Home is where the art is… Week 1
Interior design is essentially about relationships – in a nutshell, what elements work together. As part of that, I’ve always seen works of art as important elements in interiors. I love them for themselves – personal, handmade, tactile and visual evidence of the artist’s creativity and skill – but also for the life and perspective that they bring to a room, their colour, texture and form. I’ve never understood the snobbishness of many in the art world who think that it devalues art to buy a piece that suits a particular room. It’s a discussion I’ve had often with artist and gallery owner Gill Wilson. We both think that art in interiors important – it enriches the space and the art, as well as the owner’s life. Gill finds that people are often unsure how to showcase a piece that they’ve bought. As an interior designer, I find that people need help in pulling together all of the relationships in a room, including the art they own.
Myself and Gill have decided to do a blog on how easy this can be. Starting with the basics, we’re going to take individual works of art that come through Gill’s gallery, Gallerytop in Rowsley, Derbyshire, and show how they change & grow with a good wall colour behind them. This can transform how you view the work, draw your eye in and just be really satisfying.
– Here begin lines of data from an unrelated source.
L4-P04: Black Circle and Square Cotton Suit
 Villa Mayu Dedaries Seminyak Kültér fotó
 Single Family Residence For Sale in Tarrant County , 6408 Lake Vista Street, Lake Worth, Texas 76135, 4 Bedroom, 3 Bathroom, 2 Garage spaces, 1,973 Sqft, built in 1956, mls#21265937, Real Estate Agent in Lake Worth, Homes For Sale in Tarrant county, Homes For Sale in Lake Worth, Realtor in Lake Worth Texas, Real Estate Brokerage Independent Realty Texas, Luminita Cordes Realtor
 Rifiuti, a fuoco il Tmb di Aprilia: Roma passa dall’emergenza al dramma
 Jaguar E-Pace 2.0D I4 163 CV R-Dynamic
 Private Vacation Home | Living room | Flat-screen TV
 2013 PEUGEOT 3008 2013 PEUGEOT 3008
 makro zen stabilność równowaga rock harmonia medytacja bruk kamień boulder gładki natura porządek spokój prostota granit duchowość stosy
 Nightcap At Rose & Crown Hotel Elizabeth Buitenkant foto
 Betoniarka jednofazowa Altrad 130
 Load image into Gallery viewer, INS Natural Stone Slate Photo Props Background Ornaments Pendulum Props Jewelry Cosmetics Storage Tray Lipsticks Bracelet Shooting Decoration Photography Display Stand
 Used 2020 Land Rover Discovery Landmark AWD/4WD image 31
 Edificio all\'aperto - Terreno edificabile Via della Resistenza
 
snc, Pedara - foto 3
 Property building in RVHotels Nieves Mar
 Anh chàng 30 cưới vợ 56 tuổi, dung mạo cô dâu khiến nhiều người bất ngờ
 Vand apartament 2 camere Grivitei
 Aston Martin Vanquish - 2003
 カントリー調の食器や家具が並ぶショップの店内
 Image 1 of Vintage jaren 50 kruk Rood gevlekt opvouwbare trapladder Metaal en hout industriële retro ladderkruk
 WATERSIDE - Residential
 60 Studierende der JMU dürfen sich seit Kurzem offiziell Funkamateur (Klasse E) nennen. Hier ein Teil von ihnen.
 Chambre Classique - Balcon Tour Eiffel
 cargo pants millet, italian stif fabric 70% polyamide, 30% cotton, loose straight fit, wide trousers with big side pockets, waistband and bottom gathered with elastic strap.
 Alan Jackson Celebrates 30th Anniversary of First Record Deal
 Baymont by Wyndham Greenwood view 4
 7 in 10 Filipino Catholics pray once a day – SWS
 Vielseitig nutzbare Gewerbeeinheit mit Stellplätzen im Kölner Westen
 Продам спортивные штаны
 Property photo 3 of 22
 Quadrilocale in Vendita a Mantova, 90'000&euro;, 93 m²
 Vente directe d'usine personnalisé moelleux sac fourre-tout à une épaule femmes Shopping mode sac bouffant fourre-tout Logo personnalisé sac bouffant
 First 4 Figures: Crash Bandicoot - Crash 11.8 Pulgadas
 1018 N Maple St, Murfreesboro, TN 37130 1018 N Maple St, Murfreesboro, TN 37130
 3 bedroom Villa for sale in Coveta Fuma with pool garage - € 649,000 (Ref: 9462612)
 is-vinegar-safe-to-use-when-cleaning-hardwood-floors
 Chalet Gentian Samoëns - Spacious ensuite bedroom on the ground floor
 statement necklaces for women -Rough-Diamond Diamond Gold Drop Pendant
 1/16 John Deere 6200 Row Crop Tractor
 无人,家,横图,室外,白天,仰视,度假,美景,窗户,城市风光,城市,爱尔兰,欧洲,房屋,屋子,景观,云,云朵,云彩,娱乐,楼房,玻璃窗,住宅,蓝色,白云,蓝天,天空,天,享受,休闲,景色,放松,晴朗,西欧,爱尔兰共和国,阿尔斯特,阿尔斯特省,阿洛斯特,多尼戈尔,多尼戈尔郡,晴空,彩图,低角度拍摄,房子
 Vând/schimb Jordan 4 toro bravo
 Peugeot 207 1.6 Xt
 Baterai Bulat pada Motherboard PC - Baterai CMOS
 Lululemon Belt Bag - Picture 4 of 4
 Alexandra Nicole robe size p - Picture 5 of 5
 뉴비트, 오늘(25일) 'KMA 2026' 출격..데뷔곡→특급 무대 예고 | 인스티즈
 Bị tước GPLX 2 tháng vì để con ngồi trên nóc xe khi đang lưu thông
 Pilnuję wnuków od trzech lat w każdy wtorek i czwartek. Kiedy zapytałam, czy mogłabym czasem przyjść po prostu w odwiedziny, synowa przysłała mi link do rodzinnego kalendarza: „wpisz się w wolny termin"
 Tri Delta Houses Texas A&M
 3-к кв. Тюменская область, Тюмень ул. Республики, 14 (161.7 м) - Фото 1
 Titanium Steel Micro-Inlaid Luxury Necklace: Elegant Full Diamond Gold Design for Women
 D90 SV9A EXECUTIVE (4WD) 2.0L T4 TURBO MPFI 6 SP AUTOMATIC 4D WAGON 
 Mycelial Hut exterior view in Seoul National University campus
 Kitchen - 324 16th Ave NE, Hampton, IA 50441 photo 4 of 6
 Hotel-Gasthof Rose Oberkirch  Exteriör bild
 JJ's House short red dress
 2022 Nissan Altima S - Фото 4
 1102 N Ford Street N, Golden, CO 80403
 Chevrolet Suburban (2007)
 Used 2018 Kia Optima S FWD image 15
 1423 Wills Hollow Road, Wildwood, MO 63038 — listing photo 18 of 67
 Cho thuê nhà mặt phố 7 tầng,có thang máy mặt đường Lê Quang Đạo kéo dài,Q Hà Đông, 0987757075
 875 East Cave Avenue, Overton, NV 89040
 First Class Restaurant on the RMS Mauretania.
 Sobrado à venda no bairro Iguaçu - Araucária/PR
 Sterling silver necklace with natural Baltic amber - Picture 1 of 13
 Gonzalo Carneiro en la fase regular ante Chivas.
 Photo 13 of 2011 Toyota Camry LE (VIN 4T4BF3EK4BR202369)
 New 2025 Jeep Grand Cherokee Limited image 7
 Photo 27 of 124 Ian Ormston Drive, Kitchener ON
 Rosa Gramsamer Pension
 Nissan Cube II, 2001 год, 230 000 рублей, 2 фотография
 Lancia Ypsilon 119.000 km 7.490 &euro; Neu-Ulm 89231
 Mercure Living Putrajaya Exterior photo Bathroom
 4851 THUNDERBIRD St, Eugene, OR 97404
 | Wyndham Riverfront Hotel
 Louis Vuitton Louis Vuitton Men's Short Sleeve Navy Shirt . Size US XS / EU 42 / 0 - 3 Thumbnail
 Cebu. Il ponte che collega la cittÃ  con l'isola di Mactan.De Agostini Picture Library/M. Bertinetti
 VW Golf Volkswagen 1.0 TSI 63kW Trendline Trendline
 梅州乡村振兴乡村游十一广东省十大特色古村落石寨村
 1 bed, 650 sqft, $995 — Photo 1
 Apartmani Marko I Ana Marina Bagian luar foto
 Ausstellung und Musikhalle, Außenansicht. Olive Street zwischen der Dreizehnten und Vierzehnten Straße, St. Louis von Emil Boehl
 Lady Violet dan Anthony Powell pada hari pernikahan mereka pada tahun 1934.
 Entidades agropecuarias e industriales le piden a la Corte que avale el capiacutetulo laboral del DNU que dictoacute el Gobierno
We’ve started with a real colourist work from Mary Sumner, called ‘Pigeon and Bee’. An exquisite small piece, this has huge charm and is very easy to live with – nature calls us all. But it is far more than that – the depth and strength of the colours and the clear simplifying lines of the birds give it a contemporary edge. There is a huge amount of personality in this piece. The colours are a delight and we were spoilt for choice, finally deciding on Dulux Fragrant Cloud 2 – the name wasn’t one of the reasons for choosing this colour but it does suit the painting nicely. This warm blue always strikes me as an upstairs colour – and would look great in a bedroom with lots of light. The small jewel of an painting is held and enhanced by the blue. This is quite a traditional look, and if you wanted it a bit edgier, look at the bee in the foreground and be brave with the orange! However, you could also work with a soft neutral like the middle ground – I’m thinking Dulux Heritage Green Clay, a sophisticated neutral. The effect you get from working with the more subtle areas of a painting can be really successful and more so from being subliminal.